Investing in our unsung heroes

It would be hard to imagine any form of society without the world-class research that has taken place across universities and higher education institutions – particularly those that don’t yield an obvious near-term financial return on investment. But we need make long-term investments, because it’s these unsung heroes and projects that will benefit the society of the future – investments like our $26 million gift to The University of Edinburgh to set up its Advanced Care Research Centre, to truly understand, to improve, the way we age.

And to make these investments truly sustainable, we need to make these institutions even more attractive to bright minds, which means building homes and complementary infrastructure. For example, in 2019 we pledged $5 billion in long-term investments in Oxford, and more recently a plan for a new $300 million Health Innovation Campus in Birmingham.
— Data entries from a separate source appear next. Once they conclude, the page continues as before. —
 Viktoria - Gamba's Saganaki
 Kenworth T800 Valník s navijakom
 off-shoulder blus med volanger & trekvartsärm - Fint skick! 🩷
This is a way of investing that’s both economically and socially right. It paves the way for sustainable investments, and we’re already seeing more and more businesses follow suit.

Read the full article.

Covid as the catalyst for addressing mental health

The World Health Organization recently called for a renewed focus on mental health as part of the global Covid-19 response and recovery. A survey of 70,000 adults by the Samaritans revealed that in the first week of lockdown alone, 2% reported self-harming or attempting suicide.

Mental wellbeing and mental health simply cannot be ignored. But the pandemic in its very nature has not only affected people’s mental health, but made it harder for friends and colleagues to spot the signs of someone struggling. That’s why we’ve factored in the individual circumstances of our employees in terms of their working from home, making sure we’re doing as much as we can to provide them with a workspace, whether at home or in the office (when restrictions allow), that works for them.
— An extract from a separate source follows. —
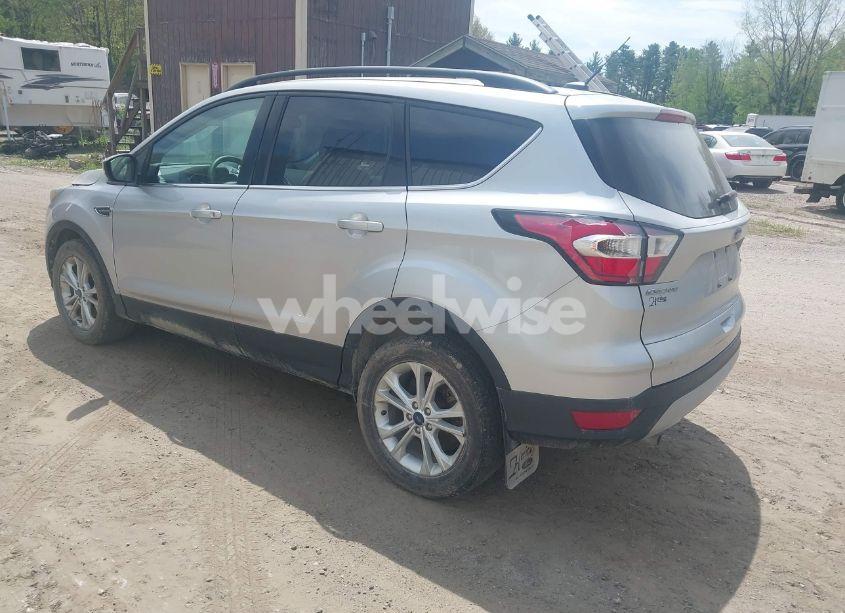 Photo 3 of 2017 Ford Escape SE (VIN 1FMCU9GDXHUC16596)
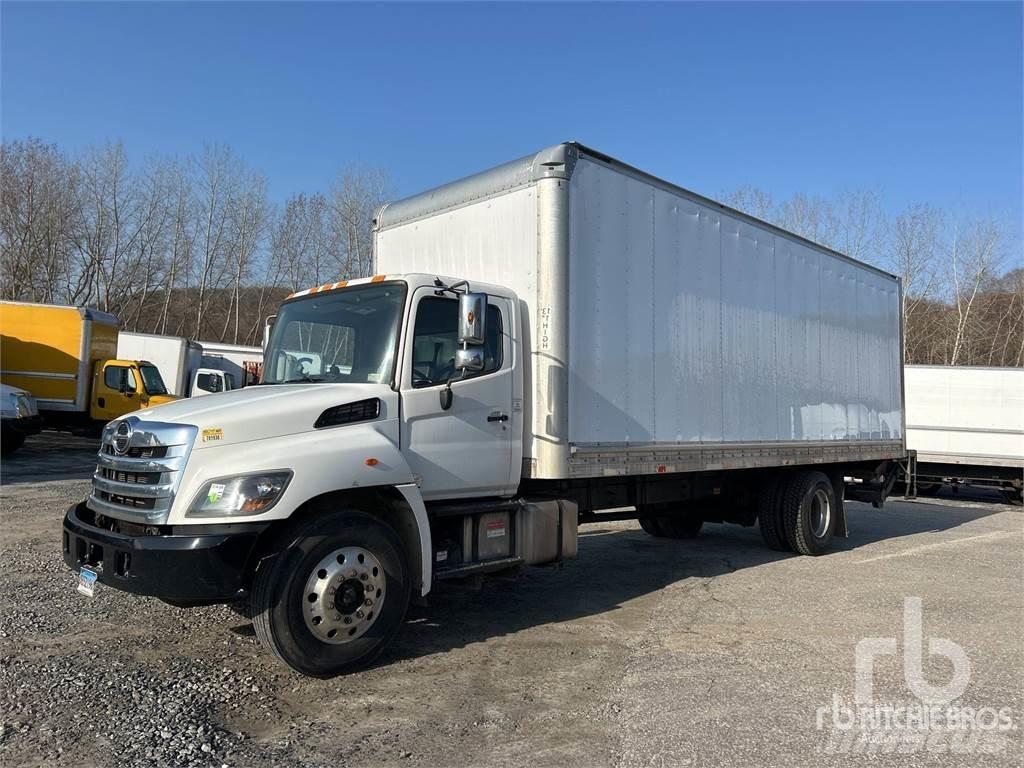 Hino 268 Панельні фургони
What we have noticed is that people are becoming more community-minded. From apps where you can be alerted that your neighbour needs some groceries to just knocking on the door and dropping off a slice of cake for the person across the road, this is one of the positives to come out of the pandemic. So let’s hope this is something that we see far beyond the pandemic.

Read the full article.

Redefining GDP

As the coronavirus pandemic hit, the economy shrunk, which means that any subsequent economic growth is being measured against a much-diminished base. It’s also worth keeping in mind, when we’re reading figures surrounding the post-pandemic bounceback, that the same numerical percentage change is always bigger on the way down that on the way up – for example, a 10% drop from 100 gets you to 99, but if you’re at 90 and grow 10%, you only get back up to 99.
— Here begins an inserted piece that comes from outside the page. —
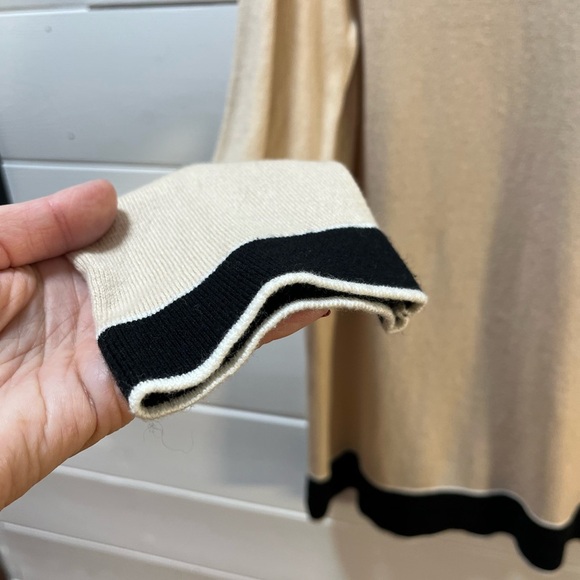 JONES NEW YORK Beige & Black Button Detail Sweater - - Picture 6 of 9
In other words, measuring an economy’s bounceback on GDP alone isn’t giving the full picture. GDP only takes into account government spending, consumer spending, business investment and imports and exports, and not the social benefits everyone desires: available, affordable and high-quality housing and healthcare, attainable education and a planet that will be hospitable to future generations. So perhaps it’s time to consider a GDP that takes into account the metrics that can truly help us to identify the type of economic growth a sustainable and inclusive economy really needs.